── Input ──
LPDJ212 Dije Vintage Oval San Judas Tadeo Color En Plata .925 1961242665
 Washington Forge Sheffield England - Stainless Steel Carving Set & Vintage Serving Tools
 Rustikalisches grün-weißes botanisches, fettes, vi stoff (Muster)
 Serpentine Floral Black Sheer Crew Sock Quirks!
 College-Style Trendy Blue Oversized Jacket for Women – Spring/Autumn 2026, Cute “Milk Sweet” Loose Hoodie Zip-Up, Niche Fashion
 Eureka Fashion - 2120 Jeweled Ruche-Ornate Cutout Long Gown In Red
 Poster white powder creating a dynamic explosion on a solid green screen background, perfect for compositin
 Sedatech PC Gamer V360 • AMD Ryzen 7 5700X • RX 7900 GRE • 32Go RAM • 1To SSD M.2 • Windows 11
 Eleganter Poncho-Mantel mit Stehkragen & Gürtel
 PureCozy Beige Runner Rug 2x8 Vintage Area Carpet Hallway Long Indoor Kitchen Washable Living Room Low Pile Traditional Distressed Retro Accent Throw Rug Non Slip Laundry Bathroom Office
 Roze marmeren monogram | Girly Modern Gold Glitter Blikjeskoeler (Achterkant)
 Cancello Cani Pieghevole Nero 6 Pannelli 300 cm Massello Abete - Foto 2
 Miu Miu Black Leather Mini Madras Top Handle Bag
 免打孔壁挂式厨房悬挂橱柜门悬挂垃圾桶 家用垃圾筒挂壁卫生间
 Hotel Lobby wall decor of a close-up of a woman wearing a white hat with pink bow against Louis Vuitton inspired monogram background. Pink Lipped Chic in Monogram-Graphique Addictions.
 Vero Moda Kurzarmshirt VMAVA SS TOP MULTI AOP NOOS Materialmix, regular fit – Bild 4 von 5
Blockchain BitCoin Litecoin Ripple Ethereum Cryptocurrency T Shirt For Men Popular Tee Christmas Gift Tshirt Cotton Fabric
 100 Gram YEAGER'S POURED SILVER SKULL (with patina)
───
• _Task to complete_: Copy out every line from the records that has the word "white".

• _Response_:
 Poster white powder creating a dynamic explosion on a solid green screen background, perfect for compositin
 Hotel Lobby wall decor of a close-up of a woman wearing a white hat with pink bow against Louis Vuitton inspired monogram background. Pink Lipped Chic in Monogram-Graphique Addictions.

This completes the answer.